One of the daily devotionals that I have been reading talks about finding your authentic self. It’s been said that your most authentic self is who you were around age ten. When you knew what you liked, you wore what you wanted (even though it didn’t match) and you pursued hobbies that you enjoyed no matter how weird they were. Best part about that age- you didn’t care what anybody else thought.
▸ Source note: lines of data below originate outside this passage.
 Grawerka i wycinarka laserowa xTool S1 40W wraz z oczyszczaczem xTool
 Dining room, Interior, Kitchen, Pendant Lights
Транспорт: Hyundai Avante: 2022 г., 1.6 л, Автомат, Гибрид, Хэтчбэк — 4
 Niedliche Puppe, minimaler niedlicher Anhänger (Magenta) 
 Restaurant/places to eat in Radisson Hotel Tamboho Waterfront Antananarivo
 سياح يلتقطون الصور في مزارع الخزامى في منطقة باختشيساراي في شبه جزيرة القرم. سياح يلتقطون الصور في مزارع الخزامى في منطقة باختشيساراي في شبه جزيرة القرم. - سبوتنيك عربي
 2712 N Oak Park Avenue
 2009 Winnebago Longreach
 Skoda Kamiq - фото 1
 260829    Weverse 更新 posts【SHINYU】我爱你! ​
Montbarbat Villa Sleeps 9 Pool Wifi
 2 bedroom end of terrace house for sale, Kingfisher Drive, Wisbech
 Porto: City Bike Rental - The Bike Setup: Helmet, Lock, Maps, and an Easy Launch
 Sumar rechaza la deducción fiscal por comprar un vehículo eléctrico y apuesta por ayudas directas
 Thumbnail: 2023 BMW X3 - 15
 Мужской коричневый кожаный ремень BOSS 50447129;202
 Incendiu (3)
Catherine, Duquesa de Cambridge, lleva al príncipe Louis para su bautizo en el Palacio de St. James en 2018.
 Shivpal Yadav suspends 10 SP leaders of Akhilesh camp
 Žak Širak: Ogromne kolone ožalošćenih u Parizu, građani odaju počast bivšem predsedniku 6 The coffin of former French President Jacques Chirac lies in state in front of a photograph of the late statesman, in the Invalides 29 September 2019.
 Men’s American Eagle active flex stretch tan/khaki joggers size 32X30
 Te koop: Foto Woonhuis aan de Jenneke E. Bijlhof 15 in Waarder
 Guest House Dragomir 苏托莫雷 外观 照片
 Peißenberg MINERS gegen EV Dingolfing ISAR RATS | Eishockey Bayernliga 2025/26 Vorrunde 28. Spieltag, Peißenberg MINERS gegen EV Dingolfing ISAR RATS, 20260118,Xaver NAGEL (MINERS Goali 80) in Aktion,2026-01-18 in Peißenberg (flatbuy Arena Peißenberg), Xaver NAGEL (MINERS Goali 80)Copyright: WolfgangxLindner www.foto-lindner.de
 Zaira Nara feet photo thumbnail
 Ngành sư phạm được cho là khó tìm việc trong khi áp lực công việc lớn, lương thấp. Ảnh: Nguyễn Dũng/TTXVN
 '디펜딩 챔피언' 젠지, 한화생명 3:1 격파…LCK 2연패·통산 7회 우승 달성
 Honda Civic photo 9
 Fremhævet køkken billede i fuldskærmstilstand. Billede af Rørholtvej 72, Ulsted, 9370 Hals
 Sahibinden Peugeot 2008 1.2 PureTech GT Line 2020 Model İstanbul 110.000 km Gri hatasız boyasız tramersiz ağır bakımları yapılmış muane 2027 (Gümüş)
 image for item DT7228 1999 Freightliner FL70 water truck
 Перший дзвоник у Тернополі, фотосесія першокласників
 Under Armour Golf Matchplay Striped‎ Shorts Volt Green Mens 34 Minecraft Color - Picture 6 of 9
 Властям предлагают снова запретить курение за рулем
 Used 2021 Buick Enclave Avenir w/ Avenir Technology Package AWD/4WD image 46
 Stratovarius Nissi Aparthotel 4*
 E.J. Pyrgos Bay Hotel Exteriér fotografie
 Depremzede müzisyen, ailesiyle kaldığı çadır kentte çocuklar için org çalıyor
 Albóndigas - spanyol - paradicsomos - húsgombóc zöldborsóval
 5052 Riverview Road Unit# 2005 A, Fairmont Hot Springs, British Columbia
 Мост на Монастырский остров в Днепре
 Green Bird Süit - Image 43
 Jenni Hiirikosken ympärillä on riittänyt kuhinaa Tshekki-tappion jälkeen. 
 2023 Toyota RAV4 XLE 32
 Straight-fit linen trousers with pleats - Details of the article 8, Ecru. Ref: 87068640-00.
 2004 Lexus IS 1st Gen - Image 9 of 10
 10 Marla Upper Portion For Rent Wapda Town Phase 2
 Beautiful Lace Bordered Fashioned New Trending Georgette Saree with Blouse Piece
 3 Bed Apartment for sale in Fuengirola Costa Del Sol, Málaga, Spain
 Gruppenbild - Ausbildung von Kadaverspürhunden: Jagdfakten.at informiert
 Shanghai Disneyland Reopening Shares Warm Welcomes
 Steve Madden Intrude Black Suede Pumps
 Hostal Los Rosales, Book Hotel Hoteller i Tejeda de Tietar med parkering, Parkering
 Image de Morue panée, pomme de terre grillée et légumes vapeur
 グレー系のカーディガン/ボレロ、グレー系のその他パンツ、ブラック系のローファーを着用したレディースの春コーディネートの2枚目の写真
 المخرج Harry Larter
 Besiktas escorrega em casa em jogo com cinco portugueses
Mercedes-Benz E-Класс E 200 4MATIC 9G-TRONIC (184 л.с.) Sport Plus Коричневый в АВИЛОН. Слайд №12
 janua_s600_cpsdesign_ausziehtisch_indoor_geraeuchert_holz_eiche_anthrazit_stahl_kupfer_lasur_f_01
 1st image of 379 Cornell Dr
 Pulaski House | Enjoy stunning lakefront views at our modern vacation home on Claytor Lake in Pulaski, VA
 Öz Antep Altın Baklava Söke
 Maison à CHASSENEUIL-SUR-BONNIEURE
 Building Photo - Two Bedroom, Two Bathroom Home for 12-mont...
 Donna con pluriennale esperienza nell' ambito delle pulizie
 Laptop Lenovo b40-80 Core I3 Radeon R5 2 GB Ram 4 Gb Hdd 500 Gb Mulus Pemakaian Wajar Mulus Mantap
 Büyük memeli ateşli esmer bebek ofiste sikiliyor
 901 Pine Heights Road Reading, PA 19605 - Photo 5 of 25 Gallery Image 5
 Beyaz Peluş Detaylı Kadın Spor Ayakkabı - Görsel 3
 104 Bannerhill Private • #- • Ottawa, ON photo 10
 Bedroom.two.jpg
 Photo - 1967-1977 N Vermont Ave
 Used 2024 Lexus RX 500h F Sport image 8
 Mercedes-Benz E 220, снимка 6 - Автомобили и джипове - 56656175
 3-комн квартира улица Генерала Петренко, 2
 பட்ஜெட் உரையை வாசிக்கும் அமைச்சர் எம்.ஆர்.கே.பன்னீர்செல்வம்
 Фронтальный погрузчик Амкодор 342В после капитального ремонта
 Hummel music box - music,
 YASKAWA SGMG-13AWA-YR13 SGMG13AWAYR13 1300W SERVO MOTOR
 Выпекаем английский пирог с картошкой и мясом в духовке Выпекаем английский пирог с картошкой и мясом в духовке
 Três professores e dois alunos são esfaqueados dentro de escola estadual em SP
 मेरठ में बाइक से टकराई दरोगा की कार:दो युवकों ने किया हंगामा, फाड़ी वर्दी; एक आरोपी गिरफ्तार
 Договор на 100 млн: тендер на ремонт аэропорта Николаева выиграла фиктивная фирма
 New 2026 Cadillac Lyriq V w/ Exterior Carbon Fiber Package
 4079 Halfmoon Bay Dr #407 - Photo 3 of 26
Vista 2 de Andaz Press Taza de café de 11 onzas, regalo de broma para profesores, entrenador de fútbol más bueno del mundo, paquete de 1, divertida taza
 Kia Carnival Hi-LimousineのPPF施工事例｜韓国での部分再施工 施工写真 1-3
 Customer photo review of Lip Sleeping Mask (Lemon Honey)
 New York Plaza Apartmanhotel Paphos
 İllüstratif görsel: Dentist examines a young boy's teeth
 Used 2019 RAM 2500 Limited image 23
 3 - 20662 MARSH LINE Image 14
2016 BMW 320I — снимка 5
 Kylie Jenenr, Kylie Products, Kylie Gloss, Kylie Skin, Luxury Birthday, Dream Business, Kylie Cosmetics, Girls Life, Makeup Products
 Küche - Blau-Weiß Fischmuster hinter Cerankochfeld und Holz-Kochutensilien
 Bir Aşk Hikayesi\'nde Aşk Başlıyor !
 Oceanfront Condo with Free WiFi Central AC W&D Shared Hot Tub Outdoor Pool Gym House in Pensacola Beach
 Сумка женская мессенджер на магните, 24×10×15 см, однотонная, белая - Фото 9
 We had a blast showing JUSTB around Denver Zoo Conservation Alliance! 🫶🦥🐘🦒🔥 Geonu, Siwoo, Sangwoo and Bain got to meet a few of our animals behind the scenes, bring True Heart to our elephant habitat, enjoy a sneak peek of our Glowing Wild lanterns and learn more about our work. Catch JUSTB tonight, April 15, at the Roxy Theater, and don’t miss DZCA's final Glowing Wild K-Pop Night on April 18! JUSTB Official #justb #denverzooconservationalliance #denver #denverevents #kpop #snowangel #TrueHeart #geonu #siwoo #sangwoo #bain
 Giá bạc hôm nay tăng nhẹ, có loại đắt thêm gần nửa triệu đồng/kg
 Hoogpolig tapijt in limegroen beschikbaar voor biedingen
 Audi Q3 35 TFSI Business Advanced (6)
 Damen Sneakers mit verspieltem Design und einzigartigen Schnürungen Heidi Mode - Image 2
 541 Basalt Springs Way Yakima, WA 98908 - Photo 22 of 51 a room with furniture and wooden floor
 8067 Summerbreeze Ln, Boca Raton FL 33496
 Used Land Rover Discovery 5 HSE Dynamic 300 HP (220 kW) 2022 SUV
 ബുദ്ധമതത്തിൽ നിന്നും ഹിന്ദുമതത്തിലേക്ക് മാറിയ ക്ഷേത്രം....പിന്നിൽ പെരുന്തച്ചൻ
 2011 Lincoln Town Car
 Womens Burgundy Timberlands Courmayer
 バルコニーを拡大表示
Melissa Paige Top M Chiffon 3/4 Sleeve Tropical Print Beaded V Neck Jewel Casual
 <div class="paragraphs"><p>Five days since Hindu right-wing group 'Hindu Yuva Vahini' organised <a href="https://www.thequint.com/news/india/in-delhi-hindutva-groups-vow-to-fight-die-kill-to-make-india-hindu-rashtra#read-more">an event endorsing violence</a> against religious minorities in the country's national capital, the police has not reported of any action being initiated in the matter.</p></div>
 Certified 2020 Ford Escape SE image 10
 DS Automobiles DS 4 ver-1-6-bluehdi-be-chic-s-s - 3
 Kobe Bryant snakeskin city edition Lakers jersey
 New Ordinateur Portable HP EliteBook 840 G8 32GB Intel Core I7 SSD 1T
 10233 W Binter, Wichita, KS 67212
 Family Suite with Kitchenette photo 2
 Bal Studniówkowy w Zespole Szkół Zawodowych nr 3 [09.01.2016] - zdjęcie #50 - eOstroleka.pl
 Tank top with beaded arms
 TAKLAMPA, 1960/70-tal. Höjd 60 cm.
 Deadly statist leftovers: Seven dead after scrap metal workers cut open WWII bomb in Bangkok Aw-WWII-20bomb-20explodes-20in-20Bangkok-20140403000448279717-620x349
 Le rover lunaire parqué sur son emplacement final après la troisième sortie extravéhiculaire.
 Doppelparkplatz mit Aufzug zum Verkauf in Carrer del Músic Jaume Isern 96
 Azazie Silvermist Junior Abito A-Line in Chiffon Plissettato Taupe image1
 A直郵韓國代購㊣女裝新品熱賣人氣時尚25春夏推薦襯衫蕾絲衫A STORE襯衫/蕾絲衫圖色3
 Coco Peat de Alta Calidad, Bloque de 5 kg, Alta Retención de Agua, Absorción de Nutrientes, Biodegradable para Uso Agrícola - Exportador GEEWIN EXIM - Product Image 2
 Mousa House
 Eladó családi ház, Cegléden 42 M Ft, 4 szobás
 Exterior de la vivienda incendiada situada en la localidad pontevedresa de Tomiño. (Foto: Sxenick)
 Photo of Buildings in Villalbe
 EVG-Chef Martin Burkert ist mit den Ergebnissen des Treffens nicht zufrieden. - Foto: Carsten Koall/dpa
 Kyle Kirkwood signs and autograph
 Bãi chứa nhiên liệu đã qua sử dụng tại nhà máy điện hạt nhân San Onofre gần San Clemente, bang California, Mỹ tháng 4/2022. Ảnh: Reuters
After age ten is about when we start conforming. We start to hear negative thoughts and actually listen to them. We start comparing ourselves to others and thinking maybe our authentic self isn’t good enough, we should be more like them. Slowly but surely we become farther and farther away from who we are at our core. We pick interests and majors we don’t actually care about, we put that writing/drawing/singing hobby we love aside because we cannot be successful doing that; we are not good enough. We might surround ourselves with people who don’t truly know us. Then finally, we land in a job that doesn’t even come close to making us feel passionate. And then all of a sudden… we are unhappy and cannot figure out why. We feel restless and anxious.
It is 100% because we are not doing the things we love. Because somewhere along the way somebody made us feel that it is silly to love to draw. It is silly to want to build things. You cannot make a living as a writer. You are not a good enough singer. You can’t be a teacher, they don’t make much. We have all heard those words, words that made a decision for us to choose a different path than the one we are currently on which was perfectly fine in the first place, even if it didn’t make sense. Chances are those words were spoken to us by somebody who didn’t follow their dreams and passions either.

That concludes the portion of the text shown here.